Now we had asked these women to share their stories and spirit again. Throughout the conference, they were the only project participants in a sea of social work practitioners and academics. Yet they proved to be a magnetic force, attracting people who were curious, friendly, and supportive, making connections everywhere, in the corridors and at mealtimes. By the time of their presentation, people were eager to hear their story.
It is an honour to be here, and it is a once-in-a-lifetime opportunity for me to present at a conference such as this. – Lisa
These women’s stories make up part of a much larger crisis that has been silenced in Canada: the widespread violence experienced by Indigenous women. Sources including Amnesty International report Indigenous women in Canada are between five and seven times more likely than non-Indigenous women to experience domestic violence – and it is often more serious. Momentum is building for a national inquiry into the estimated 824 missing and murdered Indigenous women in Canada and for a national action plan on violence against women that would coordinate existing policies and bolster preventative action.
These would represent important steps toward raising consciousness, introducing accountability, and, most critically, saving lives. Yet even in a best-case scenario there will remain thousands of traumatized Indigenous women survivors who have lost their children or their homes and experienced the deterioration of their physical and mental health. How can we help the survivors and those still at risk move to the positive future they deserve?

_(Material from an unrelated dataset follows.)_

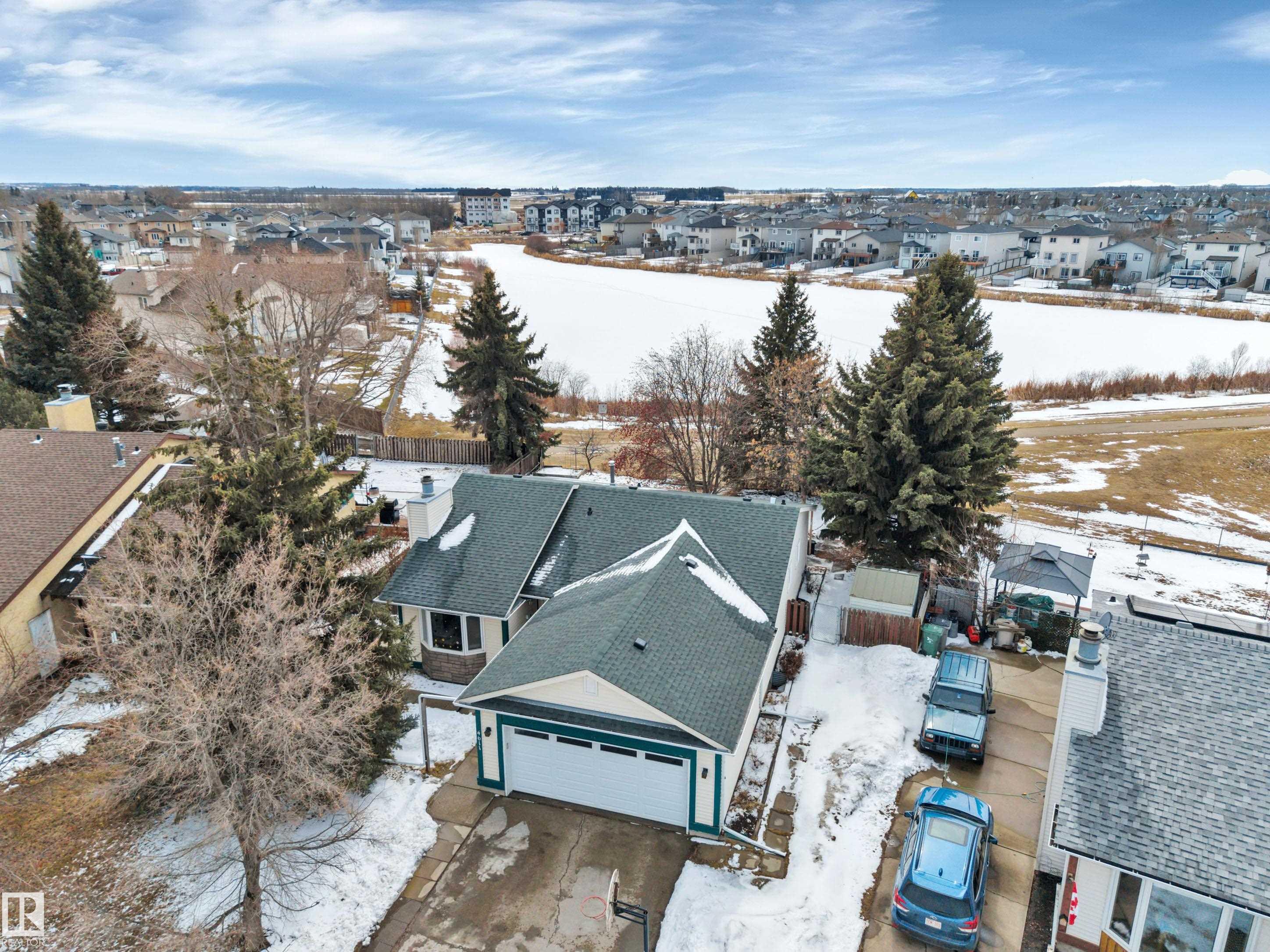 4611 41 Avenue, E4481452, Alberta,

Domestic violence in the colonial present
When I picked out my shawl, I was thinking about my past and abuse I went through. My life was dark and gloomy. – Donna
Our project at the women’s shelters privileged both the women’s articulation of their needs when experiencing domestic violence and their recommendations for how services on and off reserve can best meet them. Our research methods were Blackfoot shawl-making and participatory appraisal exercises, the latter borrowing heavily from Paulo Freire’s critical pedagogy for research with oppressed people. This methodology committed us to meeting the women on their own terms, to generate experiential knowledge that could spur community-based action for improving domestic violence services.

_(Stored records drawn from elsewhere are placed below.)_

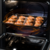 Cocina a Gas Drean 56cm CD5602AN Negra - comprar online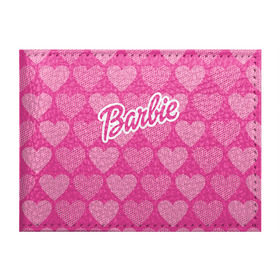 Обложка для студенческого билета с принтом Barbie в Кировске, натуральная кожа | Размер: 11*8 см; Печать на всей внешней стороне | barbie | барби | кукла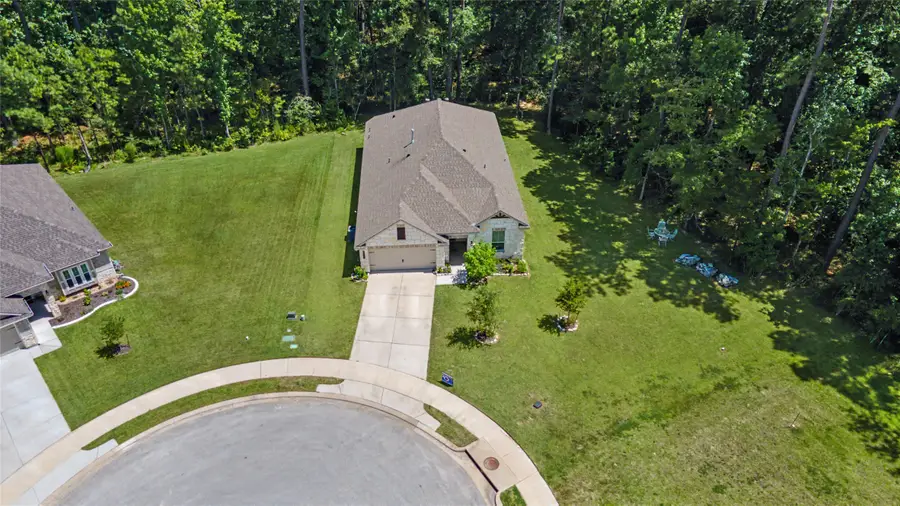 3721 Youpon Lane, Huntsville, TX 77340 - #3
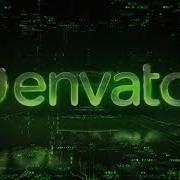 Matrix Logo Openers After Effect Template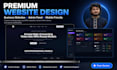 build a video ad agency website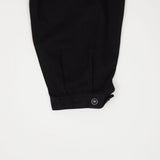 ホースライディングスタイルデニムパンツ / HORSE RIDING STYLE DENIM PANTS INCLUDING SOCKS [9029]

Shawl-making also allowed the women to share their stories and recommendations for domestic violence services in a culturally appropriate way. The Blackfoot have made shawls for centuries to create the sacred attire for ceremony: sweat lodges, pipe ceremonies, night lodges, powwows, and Sun Dances. Designs emerge from meaningful colours and images, connecting the craftsperson or wearer to their community and a shared past.
When I went to the shelter in Pincher Creek, I was going through by far the hardest time of my life. Within a week I had my baby back, and a month later I had my very first home. – Kathryn
The women in our project were very clear that, for them, most domestic violence services are sites of harm and trauma: “dangerous spaces.” Among these they named children’s services, law enforcement, and health services – all essential, front-line agencies that deal with domestic violence victims. These women shared difficult stories about the degrading and dehumanizing treatment they experienced from service providers.

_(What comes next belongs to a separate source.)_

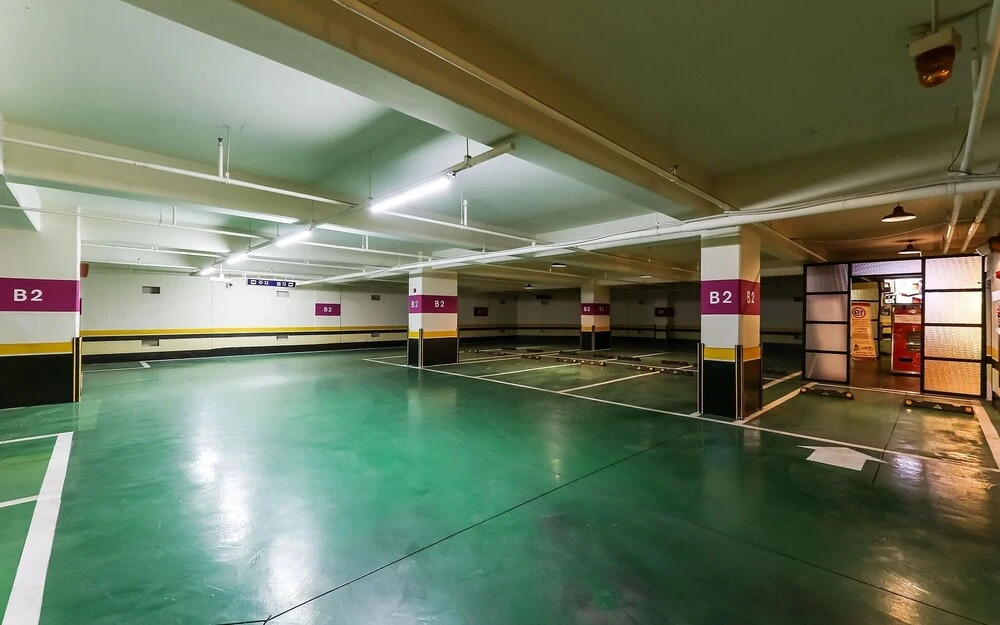 Hotel J-TOP Cheonan - фото 17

Twenty-three-year-old Kathryn spoke about child welfare seizing her daughter, just as she was starting a new job and full of hope for the future, and the racism she believes provoked that action. At clinics and hospitals, in the midst of crisis, the women endured staff’s assumptions that “they just want pills.” Across Canada, police frequently detain or arrest abused Indigenous women rather than provide immediate, appropriate support. As a result, abused Indigenous women do not seek help when needed or, if they do, their victimization is often intensified unnecessarily.
For these women, the exception to dangerous domestic violence services has been emergency shelters. Unemployed, homeless, dealing with a history of abuse and having her baby taken away, Kathryn went to “the safest place [she] could think of, the women’s shelter.” As Lisa told the audience, “The shelter is here for us, and they never turn us away.” Donna said: “I felt safe at the shelter, and I was able to leave my troubles outside. It was a time when I could actually relax.” Being able to leave problems outside and retreat into a safe space is taken for granted by many Canadians, but it is a powerful experience for women experiencing domestic abuse.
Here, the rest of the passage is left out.